I wanted to die. I just didn’t want to be anymore. I knew — not just thought, knew — my family would be better off without me. There was no convincing me otherwise. I thought my family would have a more “normal” life without me. My mother wouldn’t have to worry about my frantic phone calls where I just sobbed and barely even spoke. Life would be so much better for everyone without me. It wasn’t just a feeling though. In my head, I knew it as fact. It was a relief for me to think of dying because it felt like my only way out.

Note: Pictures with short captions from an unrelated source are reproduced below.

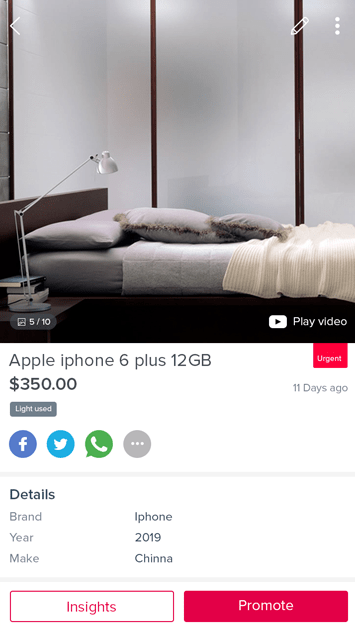 Best letgo clone script - Appkodes joysale - Screenshot 10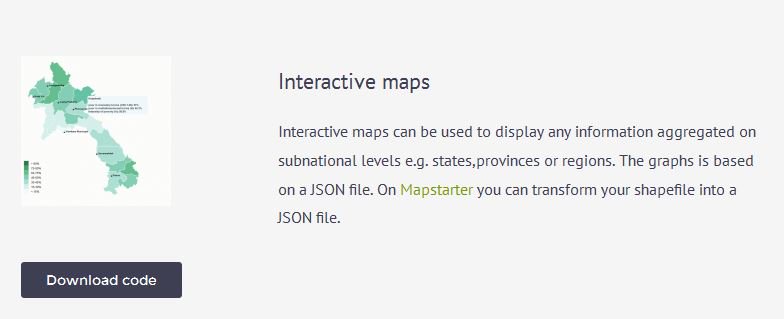 Relaunch! Check out our #visualisations and download the #codes to create your own interactive #dataviz bit.ly/2iaW7Gd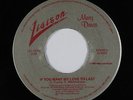 Modern Soul Boogie 45 - Mary Davis - If You Want My Love - Liaison - rare on 45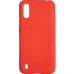 Накладка Full Soft Samsung A015 (A01) Красная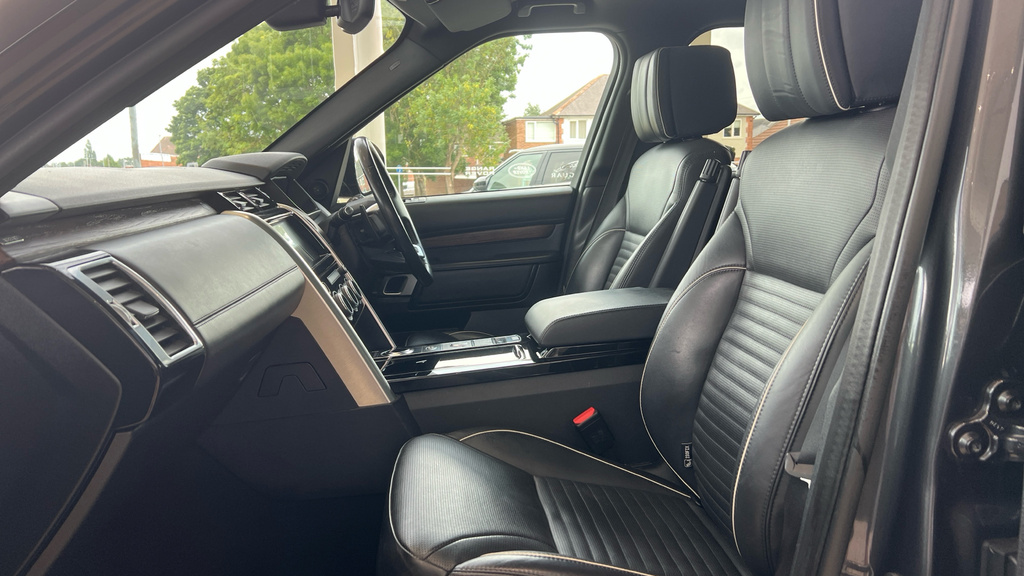 Land Rover Discovery 3.0 Sdv6 Anniversary Edition Black #19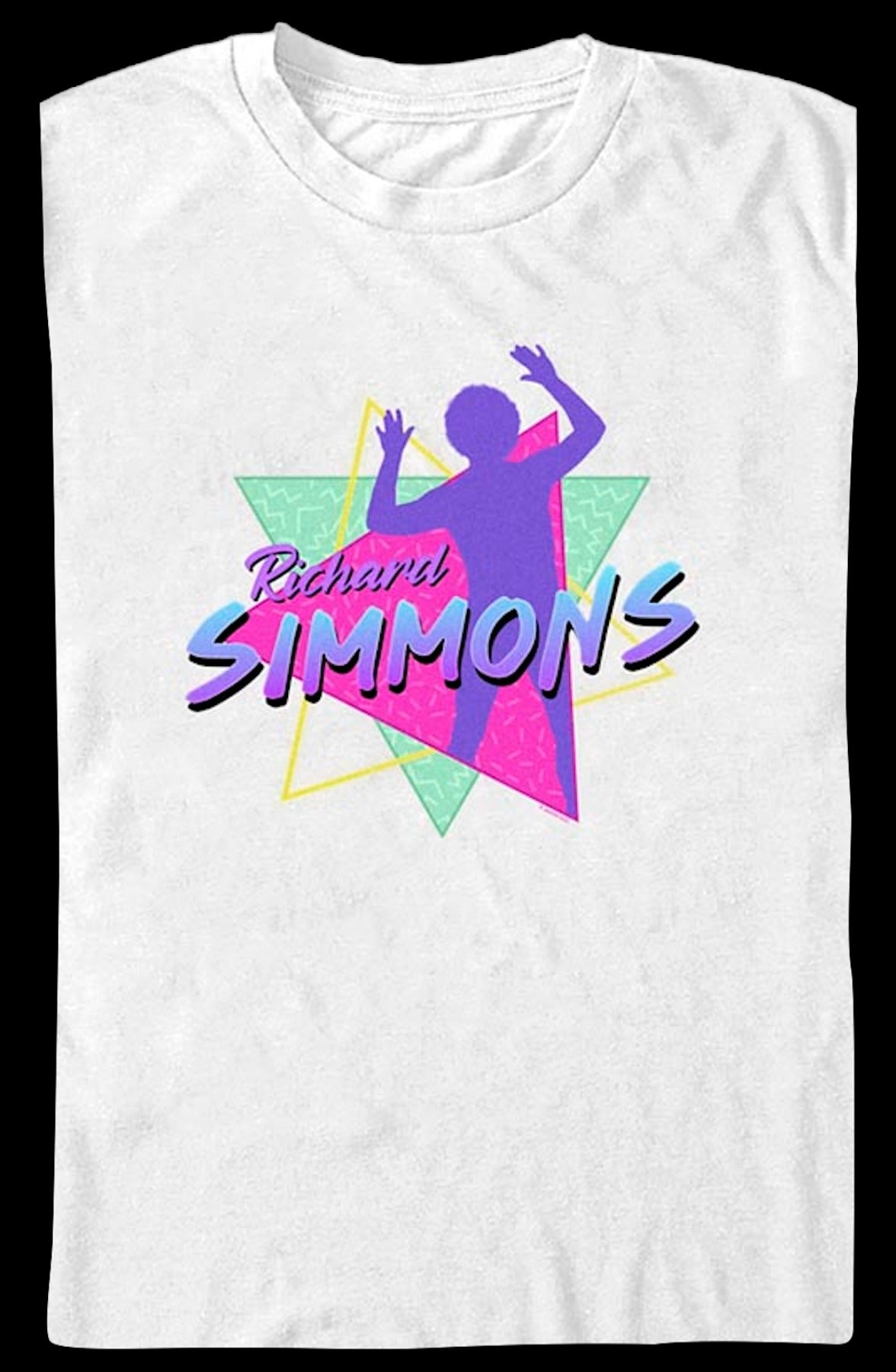 Retro Silhouette Richard Simmons T-Shirt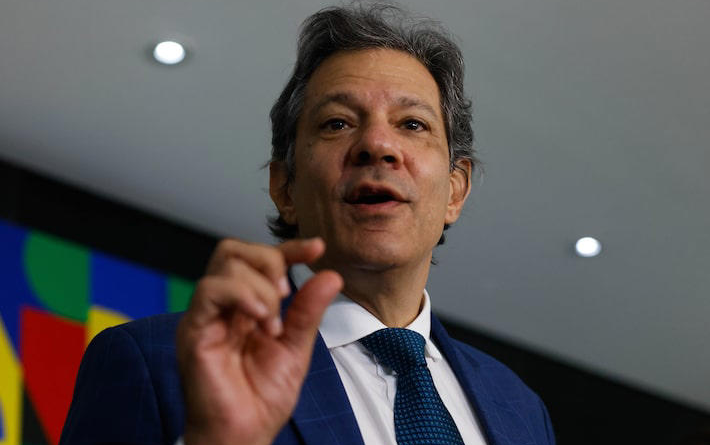 Haddad diz que tarifas de Trump não são contra o Brasil e que MDIC avalia quadro para levar a Lula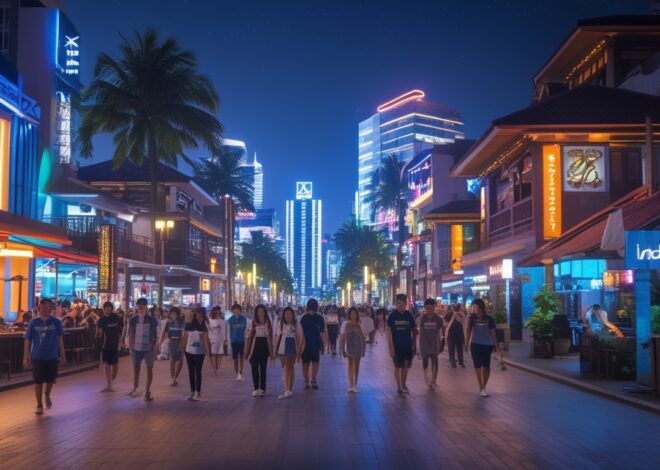 Panduan Lengkap Wisata Hiburan Malam Terbaik di Indonesia Tahun 2026: Destinasi dan Aktivitas Pilihan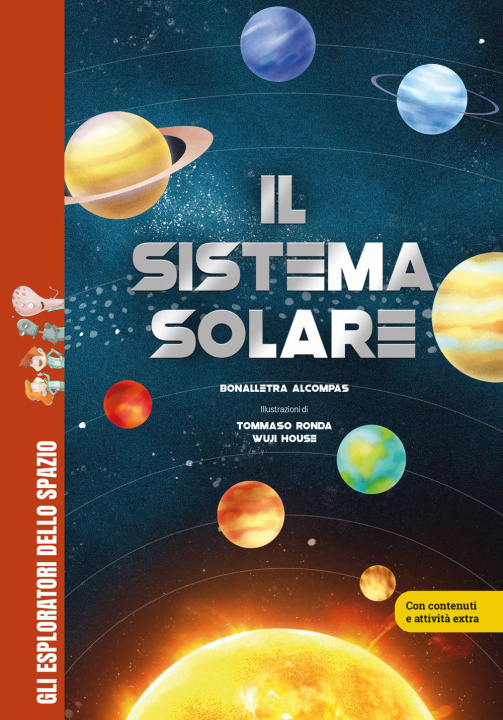 Boek sistema solare Tommaso Ronda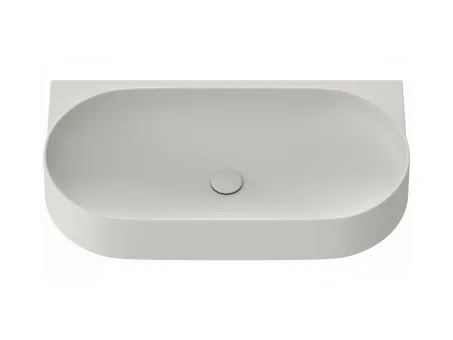 Yard 80 kerámiamosdó Smoke Grey, túlfolyó furat nélkül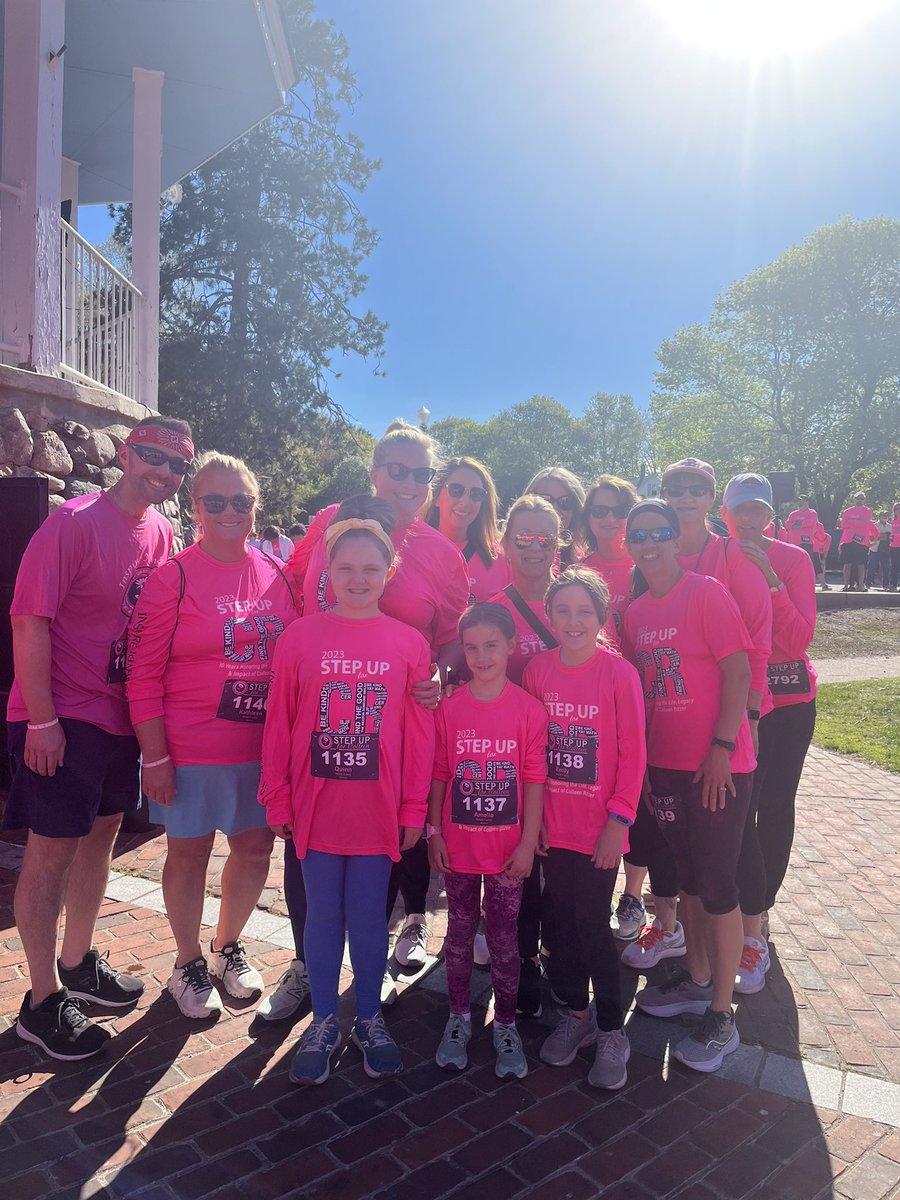 NAMS_Chorus's tweet image. Proud of our NAMS family for Stepping Up for Colleen today! @NAMiddle @NASupt @StepUp4Colleen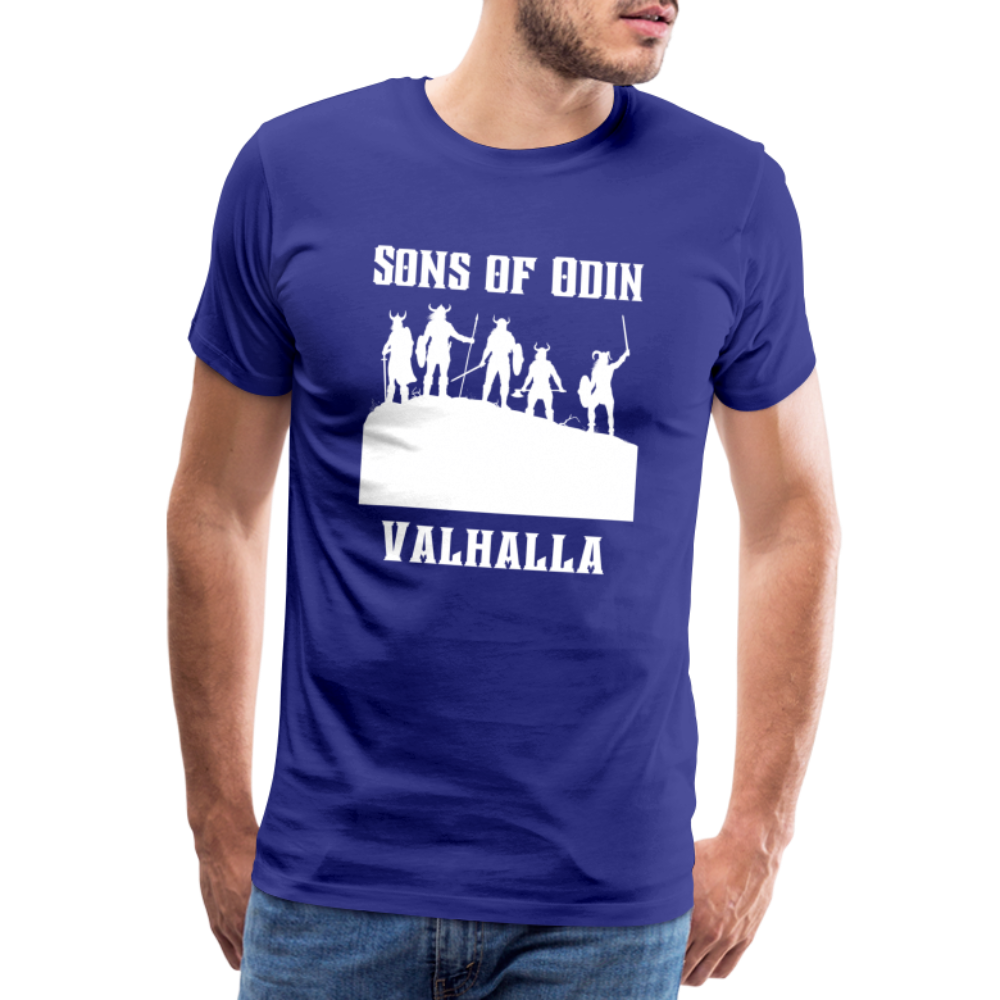 Männer Premium T-Shirt - Sons of Odin - Königsblau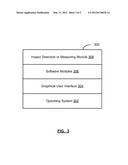 SYSTEM AND METHOD FOR DETECTING AND MEASURING IMPACTS IN HANDHELD DEVICES     USING AN ACOUSTIC TRANSDUCER diagram and image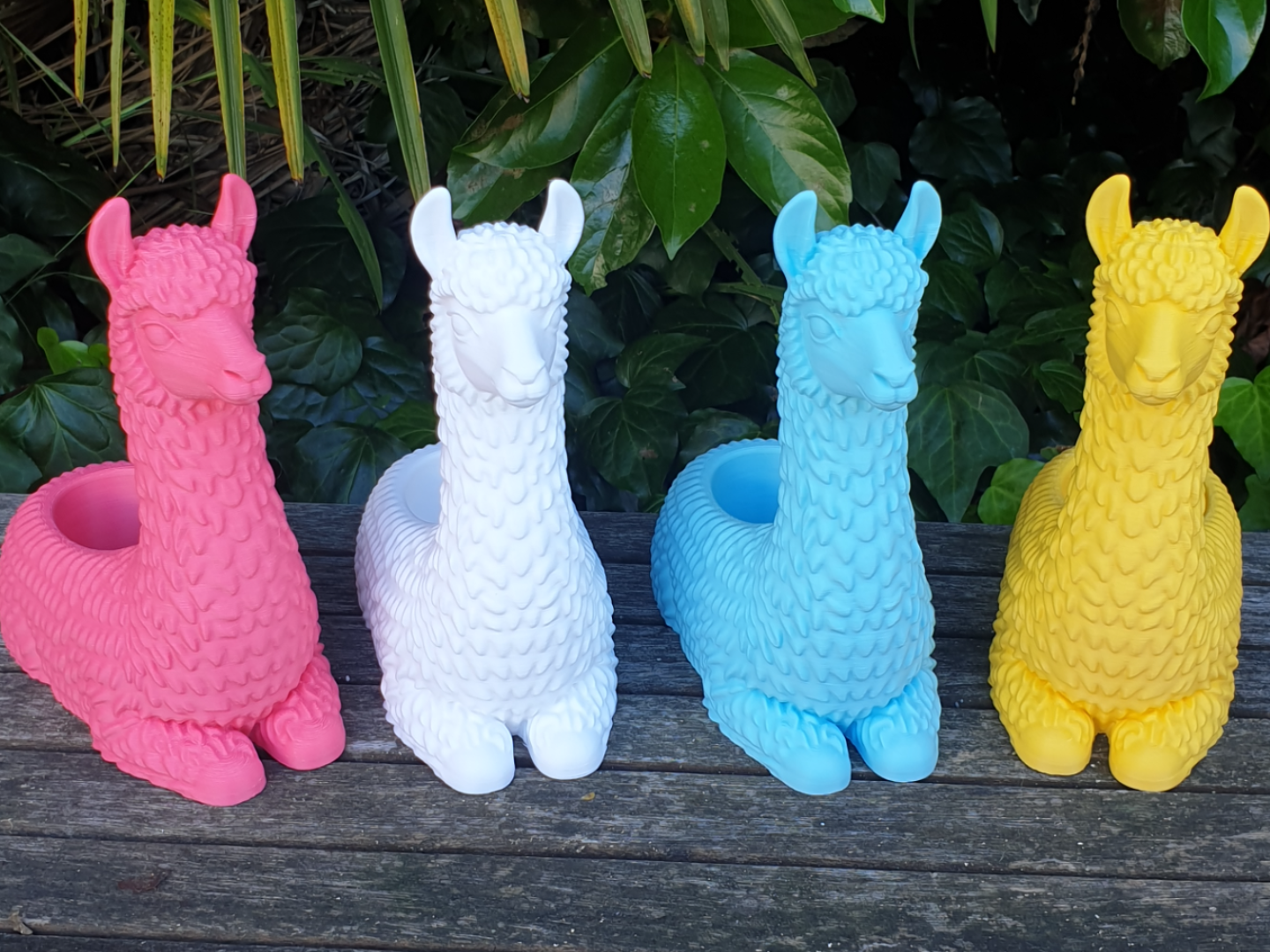 Llama Cute Planter (one support)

My depression had taken me to a place that was not only dark and scary, but it fed me lies about myself and my reality. No amount of talking to me would make a difference. People tried, but it only made me feel more like dying when I was told if I killed myself my family would be devastated. I was already causing the devastation by being alive. The way I understood it was if I lived they would have to deal with me being so sick and mentally disturbed forever. But, if I died their pain would only last a little while and then their lives would go on. To me, it made perfect sense.
When I survived my suicide attempt, I was left with was an enormous sense of shame. This brought on a different kind of depression; a more desperate depression and a feeling of complete and total brokenness.
Today, I am glad I didn’t die. I am glad I’m living. However, it isn’t always easy for me to feel happy to be alive. It isn’t always that easy for so many others living with depression and mental illness either. One of the most hurtful things I was told by other people when I was battling my own suicidal mind, was that suicide is selfish. Hearing that only made me feel more guilty and more ashamed. I wasn’t being selfish. I honestly believed I was being unselfish by trying bring peace to my family. I didn’t want them to suffer the roller coaster ride of my emotional distress anymore. I knew the excruciating mental pain and torment that was happening inside my head and I could only imagine how hard that was for them to watch from the sidelines. I wasn’t being selfish to want to remove myself and stop causing the people I loved so much pain. I wanted to help them heal, even when I couldn’t.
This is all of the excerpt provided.